DATA FOR THIS EXERCISE:

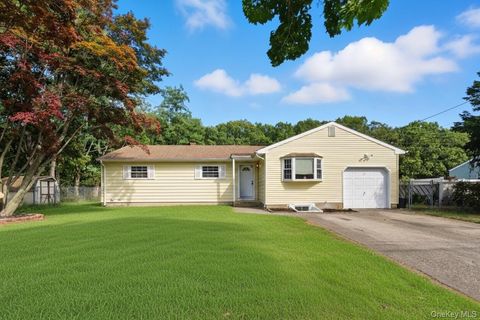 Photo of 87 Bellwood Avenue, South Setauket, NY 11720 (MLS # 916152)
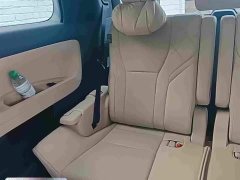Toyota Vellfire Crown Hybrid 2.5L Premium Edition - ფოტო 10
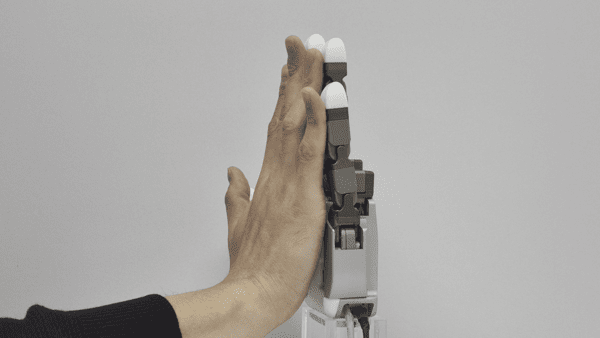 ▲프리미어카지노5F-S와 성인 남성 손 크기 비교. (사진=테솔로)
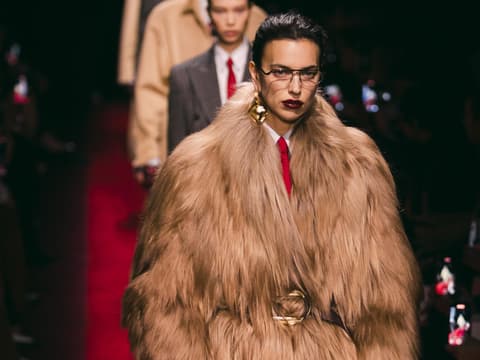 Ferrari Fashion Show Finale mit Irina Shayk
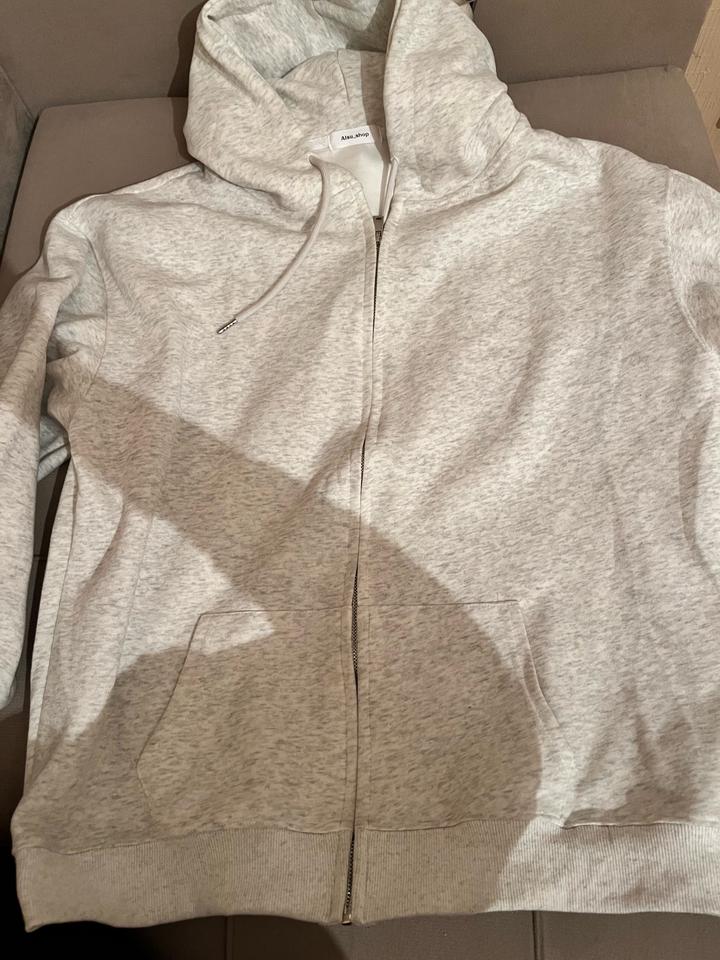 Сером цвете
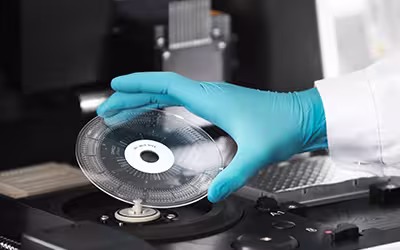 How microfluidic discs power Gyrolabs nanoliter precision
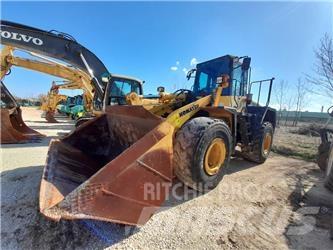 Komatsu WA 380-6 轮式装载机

---

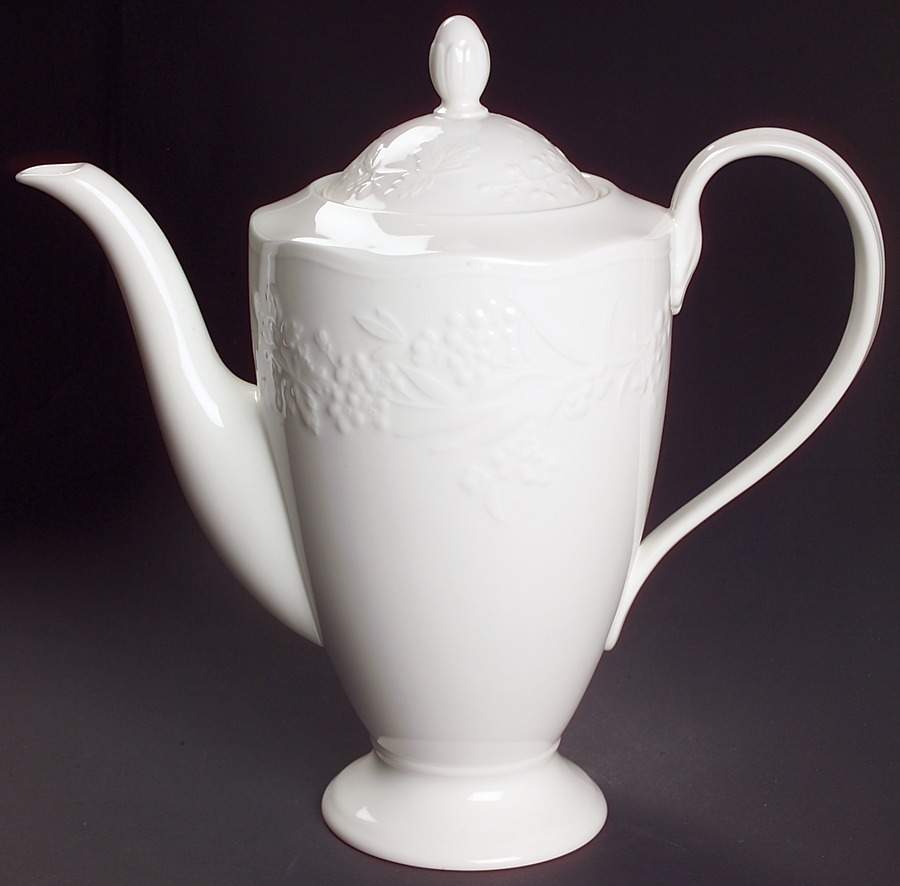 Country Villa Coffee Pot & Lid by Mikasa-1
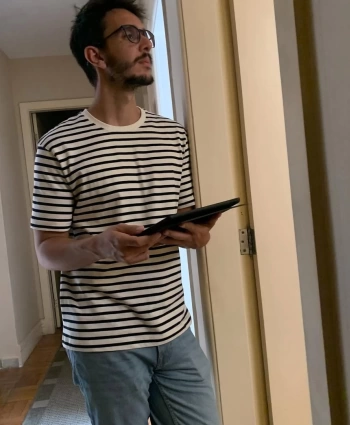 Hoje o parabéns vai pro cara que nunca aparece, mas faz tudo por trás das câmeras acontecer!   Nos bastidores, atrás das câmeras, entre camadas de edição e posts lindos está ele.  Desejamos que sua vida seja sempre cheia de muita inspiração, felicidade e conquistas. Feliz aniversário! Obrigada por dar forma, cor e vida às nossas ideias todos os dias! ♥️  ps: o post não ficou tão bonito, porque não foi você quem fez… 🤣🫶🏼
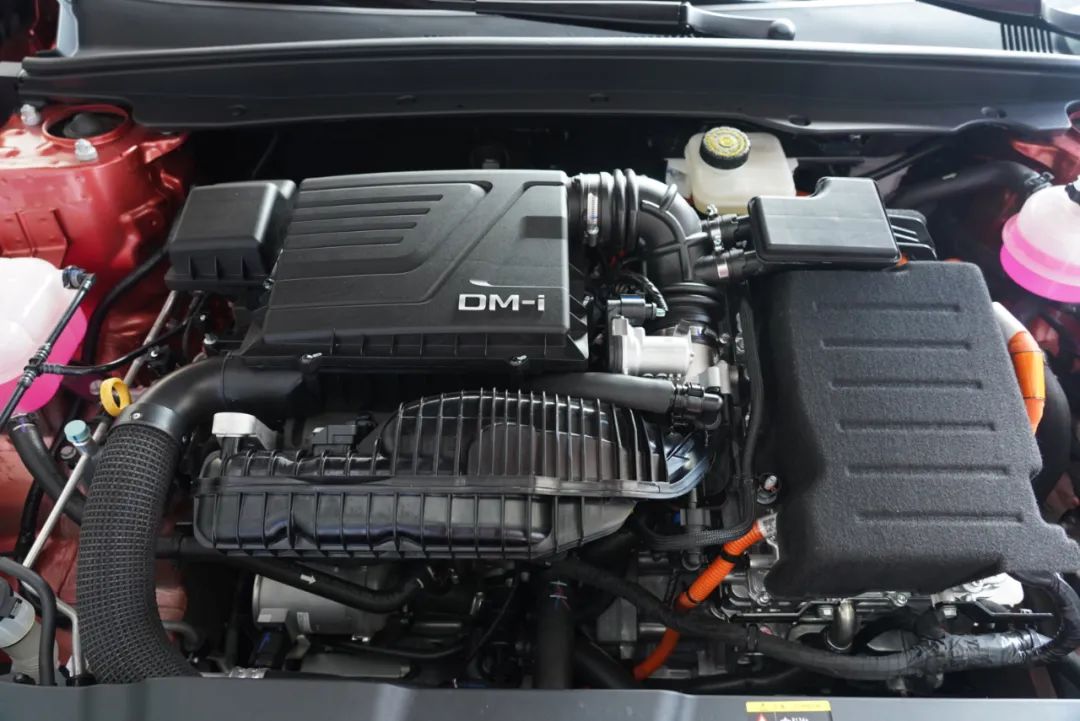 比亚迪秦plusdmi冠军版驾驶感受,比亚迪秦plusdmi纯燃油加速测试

--

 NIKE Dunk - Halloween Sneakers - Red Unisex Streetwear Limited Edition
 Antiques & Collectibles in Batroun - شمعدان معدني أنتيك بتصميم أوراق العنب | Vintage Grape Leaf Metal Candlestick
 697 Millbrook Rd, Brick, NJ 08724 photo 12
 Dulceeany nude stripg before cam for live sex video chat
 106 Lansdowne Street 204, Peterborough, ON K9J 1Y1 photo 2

GOAL OF THE EXERCISE: What's needed is an exact copy of the records above from the line containing "Ferrari Fashion Show Finale mit Irina Shayk" down to the line containing "Komatsu WA 380-6 轮式装载机", both included, without any pictures.

SOLUTION FOR THIS EXERCISE:
 Ferrari Fashion Show Finale mit Irina Shayk
 Сером цвете
 How microfluidic discs power Gyrolabs nanoliter precision
 Komatsu WA 380-6 轮式装载机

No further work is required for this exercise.